Alors que l'option d'un "partenariat privilégié" entre l'UE et la Turquie semble rallier de plus en plus de partisans au sein de l'Union, Ankara est sur le point de remplir la dernière condition fixée par Bruxelles en vue de l'ouverture des négociations d'adhésion.

Alors que l’option d’un « partenariat privilégié » entre l’UE et la Turquie semble rallier de plus en plus de partisans au sein de l’Union, Ankara est sur le point de remplir la dernière condition fixée par Bruxelles en vue de l’ouverture des négociations d’adhésion.

Les partisans d’une telle solution, prompts à en vanter les mérites, n’en ont pourtant pas encore donné de définition précise. Il s’agirait apparemment d’une forme d’adhésion « light », à mi-chemin entre simple union douanière et appartenance de plein droit à l’Union.

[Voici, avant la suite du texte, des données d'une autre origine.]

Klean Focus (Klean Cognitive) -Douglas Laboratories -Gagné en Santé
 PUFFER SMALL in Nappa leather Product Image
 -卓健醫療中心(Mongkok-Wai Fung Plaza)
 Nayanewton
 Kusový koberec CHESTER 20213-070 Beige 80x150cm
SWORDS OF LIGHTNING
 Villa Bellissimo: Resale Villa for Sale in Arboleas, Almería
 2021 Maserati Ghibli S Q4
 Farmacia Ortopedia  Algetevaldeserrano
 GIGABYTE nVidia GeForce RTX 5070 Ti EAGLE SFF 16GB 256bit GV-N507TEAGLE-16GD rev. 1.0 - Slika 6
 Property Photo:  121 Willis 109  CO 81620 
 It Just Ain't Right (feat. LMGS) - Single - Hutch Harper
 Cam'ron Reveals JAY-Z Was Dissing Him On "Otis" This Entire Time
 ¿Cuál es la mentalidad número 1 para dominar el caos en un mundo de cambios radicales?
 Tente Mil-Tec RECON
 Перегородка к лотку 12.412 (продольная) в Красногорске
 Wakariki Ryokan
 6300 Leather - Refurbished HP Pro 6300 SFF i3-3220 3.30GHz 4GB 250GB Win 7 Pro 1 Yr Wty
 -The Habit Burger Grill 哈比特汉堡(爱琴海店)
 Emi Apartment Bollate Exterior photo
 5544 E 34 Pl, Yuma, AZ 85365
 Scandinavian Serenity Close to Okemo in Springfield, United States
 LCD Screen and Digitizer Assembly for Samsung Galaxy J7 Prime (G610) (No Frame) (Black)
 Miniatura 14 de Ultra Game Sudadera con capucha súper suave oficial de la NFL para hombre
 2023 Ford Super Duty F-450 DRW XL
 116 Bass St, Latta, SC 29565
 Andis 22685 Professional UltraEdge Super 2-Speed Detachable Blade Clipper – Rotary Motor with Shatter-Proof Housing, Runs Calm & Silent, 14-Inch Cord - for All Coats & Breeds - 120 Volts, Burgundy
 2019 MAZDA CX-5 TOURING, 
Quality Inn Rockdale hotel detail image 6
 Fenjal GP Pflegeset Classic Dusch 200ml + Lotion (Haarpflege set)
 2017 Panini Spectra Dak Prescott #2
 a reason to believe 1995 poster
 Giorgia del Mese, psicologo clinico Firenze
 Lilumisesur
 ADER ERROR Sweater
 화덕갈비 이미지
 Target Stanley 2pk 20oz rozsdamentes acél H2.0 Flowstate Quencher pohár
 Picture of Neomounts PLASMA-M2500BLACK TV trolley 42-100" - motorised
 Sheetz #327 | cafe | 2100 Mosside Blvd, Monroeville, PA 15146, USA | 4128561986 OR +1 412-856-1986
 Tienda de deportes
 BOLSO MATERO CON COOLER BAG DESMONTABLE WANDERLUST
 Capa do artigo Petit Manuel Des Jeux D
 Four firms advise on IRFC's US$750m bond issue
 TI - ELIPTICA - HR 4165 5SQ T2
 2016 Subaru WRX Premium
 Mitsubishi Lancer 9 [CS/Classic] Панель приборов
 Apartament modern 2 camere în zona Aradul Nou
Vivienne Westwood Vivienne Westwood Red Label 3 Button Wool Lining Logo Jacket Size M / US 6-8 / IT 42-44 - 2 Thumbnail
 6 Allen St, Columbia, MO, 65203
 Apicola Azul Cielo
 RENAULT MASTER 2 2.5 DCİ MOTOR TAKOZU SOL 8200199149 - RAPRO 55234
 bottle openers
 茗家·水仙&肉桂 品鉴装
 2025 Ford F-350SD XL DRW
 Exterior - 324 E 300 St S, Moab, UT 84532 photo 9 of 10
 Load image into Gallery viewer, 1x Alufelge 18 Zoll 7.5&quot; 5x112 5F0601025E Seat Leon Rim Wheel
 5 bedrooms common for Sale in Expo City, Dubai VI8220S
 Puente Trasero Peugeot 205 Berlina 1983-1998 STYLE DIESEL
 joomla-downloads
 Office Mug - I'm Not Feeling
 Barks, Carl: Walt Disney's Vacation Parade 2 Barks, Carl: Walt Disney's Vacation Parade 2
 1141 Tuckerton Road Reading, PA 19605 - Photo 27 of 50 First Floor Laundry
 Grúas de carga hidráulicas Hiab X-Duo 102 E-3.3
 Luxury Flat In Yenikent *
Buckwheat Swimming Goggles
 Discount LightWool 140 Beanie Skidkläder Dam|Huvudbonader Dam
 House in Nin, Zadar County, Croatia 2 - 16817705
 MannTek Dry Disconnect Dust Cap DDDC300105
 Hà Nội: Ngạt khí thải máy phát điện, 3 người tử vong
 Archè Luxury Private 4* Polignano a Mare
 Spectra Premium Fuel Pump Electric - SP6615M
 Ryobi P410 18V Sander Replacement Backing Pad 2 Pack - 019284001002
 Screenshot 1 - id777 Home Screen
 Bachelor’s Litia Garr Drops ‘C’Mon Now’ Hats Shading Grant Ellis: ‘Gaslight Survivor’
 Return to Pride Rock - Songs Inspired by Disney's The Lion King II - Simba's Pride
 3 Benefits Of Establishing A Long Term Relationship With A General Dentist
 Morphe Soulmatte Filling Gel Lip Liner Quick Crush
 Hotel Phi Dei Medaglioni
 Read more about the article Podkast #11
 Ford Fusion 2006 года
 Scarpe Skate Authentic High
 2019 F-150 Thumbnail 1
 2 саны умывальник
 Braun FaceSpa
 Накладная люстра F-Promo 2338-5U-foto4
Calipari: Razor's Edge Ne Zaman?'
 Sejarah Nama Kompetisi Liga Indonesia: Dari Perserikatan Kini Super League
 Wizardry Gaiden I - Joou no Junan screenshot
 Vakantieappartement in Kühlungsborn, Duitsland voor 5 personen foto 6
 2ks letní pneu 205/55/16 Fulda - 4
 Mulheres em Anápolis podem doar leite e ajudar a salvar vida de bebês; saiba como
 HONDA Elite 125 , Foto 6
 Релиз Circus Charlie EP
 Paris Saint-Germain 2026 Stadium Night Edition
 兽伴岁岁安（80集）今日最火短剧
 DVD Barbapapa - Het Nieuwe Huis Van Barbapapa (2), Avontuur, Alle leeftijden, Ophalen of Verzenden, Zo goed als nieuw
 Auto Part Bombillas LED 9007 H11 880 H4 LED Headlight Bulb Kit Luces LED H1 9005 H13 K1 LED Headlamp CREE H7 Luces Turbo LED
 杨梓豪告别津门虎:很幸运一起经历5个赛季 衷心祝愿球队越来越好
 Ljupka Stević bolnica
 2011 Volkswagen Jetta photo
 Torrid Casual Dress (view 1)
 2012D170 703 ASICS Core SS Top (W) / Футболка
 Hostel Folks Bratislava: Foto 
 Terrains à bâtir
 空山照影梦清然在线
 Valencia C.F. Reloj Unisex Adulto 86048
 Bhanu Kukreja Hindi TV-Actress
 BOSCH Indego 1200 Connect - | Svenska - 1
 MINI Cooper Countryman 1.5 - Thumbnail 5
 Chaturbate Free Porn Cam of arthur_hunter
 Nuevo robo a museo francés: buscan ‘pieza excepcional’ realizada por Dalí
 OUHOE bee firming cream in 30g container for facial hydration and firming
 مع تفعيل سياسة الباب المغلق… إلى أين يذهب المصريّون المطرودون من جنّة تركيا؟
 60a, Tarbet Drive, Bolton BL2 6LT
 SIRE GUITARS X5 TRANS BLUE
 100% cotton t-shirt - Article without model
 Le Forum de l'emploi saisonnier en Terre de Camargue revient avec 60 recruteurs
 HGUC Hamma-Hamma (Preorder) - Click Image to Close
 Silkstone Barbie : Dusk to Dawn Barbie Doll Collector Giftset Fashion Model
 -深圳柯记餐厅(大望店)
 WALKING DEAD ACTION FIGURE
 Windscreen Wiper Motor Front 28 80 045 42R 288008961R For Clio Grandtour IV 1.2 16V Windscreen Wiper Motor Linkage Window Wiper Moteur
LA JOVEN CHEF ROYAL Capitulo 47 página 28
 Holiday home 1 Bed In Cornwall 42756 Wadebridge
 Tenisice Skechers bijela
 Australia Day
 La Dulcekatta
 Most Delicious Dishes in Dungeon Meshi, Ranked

Edmund Stoiber, président de la CSU (la branche bavaroise de la CDU, le parti chrétien-démocrate allemand), a déclaré que « les libertés fondamentales existant en Europe – libre circulation des marchandises, des personnes et des capitaux, libre prestation de services – devraient être étendues à la Turquie, [laquelle] devrait aussi être pleinement intégrée à la politique étrangère et de sécurité commune. » Dans le même temps, Stoiber a affirmé qu’il ferait « tout ce qui est légalement en son pouvoir » pour garantir que la Turquie n’entre jamais dans l’Union. La position de M. Stoiber est rigoureusement identique à celle de la dirigeante de la CDU, Angela Merkel.   

Les élections législatives anticipées prévues en Allemagne au mois de septembre prochain pourraient entraîner le retour au pouvoir de la coalition CDU-CSU. Même si l’UE souligne que les développements intervenus sur la scène politique allemande n’auront aucun impact sur le sort de la candidature turque, l’arrivée aux affaires d’un gouvernement chrétien-démocrate ne serait certainement pas sans conséquences.